# Breeding ammanos?



## shift (Dec 21, 2012)

Have any of you guys even successful with breeding ammanos and raising the zeos up to shrimps?

I have a berried one in my main tank and am debating if it's worth trying to raise them. From what I read the zeos need to be transfused to brackish to marine water (conflicting salinity levels. 17/33?)

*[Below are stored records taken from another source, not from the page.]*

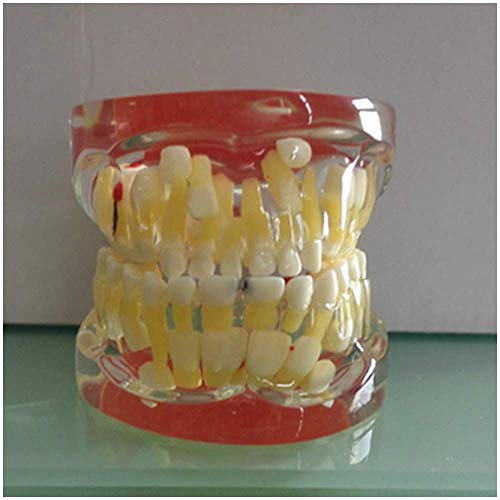 HYCy Anatomy Teeth Model - Pathologic Deciduous Teeth Model - Transparent Dental Teeth Model - Show The Deciduous Teeth,Caries and Apical Cyst Pathological Structure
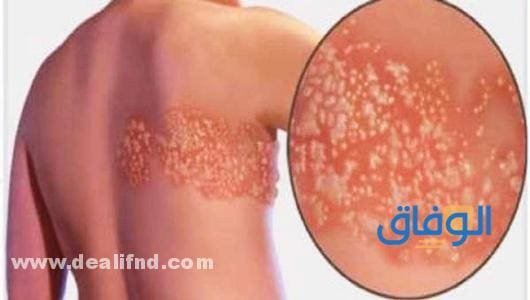 اعراض الحزام الناري - هل هو خطير ؟! اعراض الحزام الناري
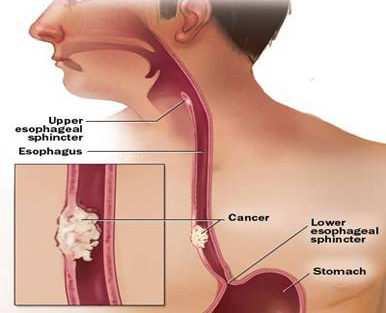 cancer-of-esophagus cancer-of-esophagus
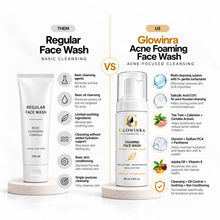 Acne Foaming Face Wash For Clearer Skin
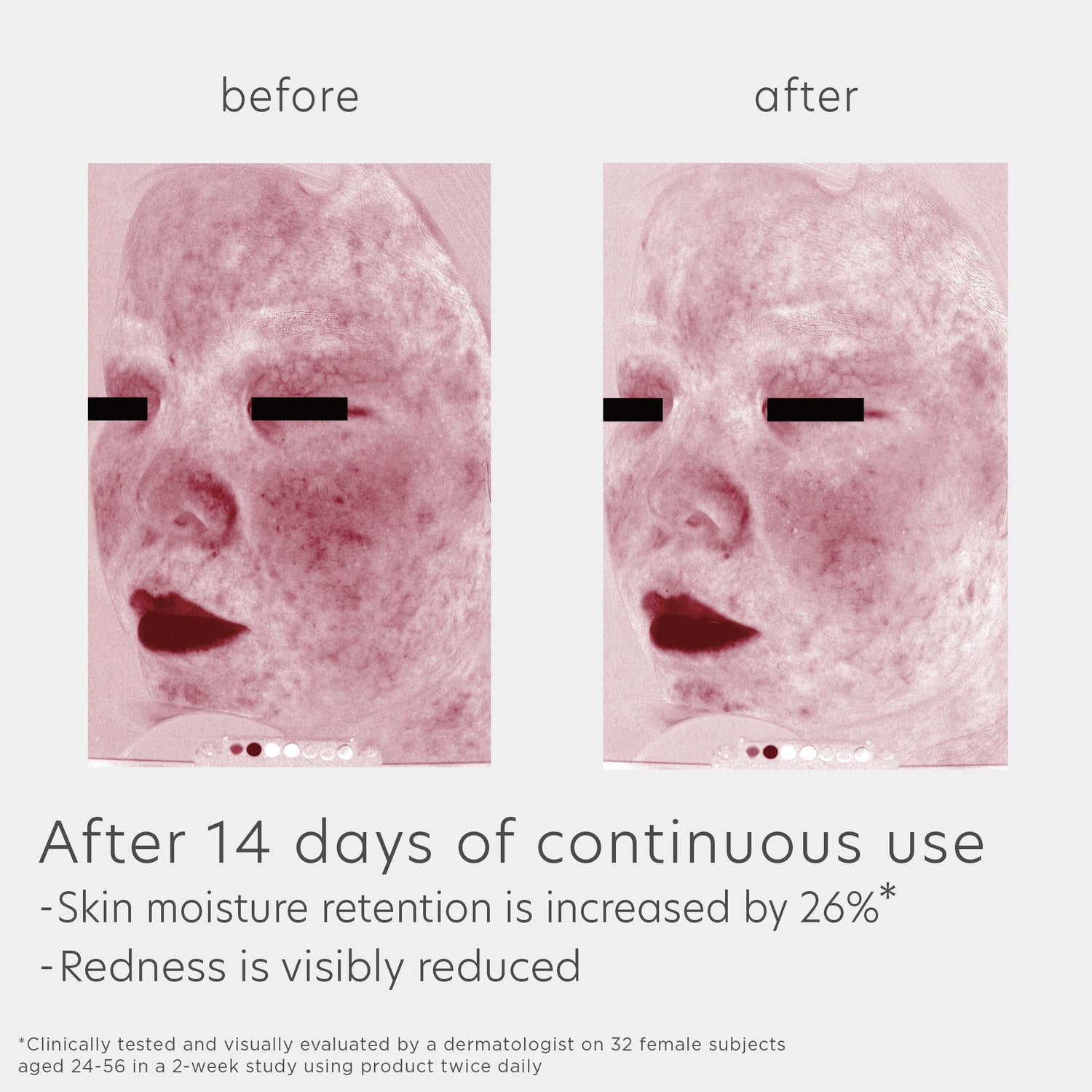 Before and after results of using EltaMD Skin Recovery Amino Acid Foaming Cleanser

Has anyone on here had success raising them?


----------



## greenfin (Nov 4, 2013)

Does berried mean a female carrying eggs? I get them too. Curious to see if you give this a try. Bet you could do it! (full of confidence--that's me)


----------



## shift (Dec 21, 2012)

Berried = eggs. I read it's doable but a lot of work to be successful!


----------



## shift (Dec 21, 2012)




----------



## Steven (Mar 23, 2014)

So...do you have any updates on this? did you try it out?


----------



## TigerOscar (Sep 10, 2012)

I may take a stab at this.
This guy seems to have had success breeding them. Salinity after hatching between 30-35 ppt is desired.
Breeding Yamato (Amano) shrimp | Mikes Whatever


----------



## liquid_krystale (Dec 13, 2011)

That's pretty cool. My female was frequently berried but of course I never saw any little ones hatch out in my tetra-filled community tank.


----------



## Momobobo (Sep 28, 2010)

TigerOscar said:


> I may take a stab at this.
> This guy seems to have had success breeding them. Salinity after hatching between 30-35 ppt is desired.
> Breeding Yamato (Amano) shrimp | Mikes Whatever


Very cool article, not nearly as hard as I thought. Maybe should have tried when I had two large females that went berried almost constantly...


----------



## nigerian prince (Mar 8, 2013)

a very interesting topic, im guessing amanos are worth between $2-4 , so im guessing its not too difficult 
cost benefit analysis i guess, please share your story if you make a go of it


----------



## TigerOscar (Sep 10, 2012)

He also emphasized that diatom algae was an important feeding method. Anyone able to produce and distribute?


----------



## shift (Dec 21, 2012)

I did try it out and they lived for about two weeks then bit the dust. Will try again next time I see eggs


----------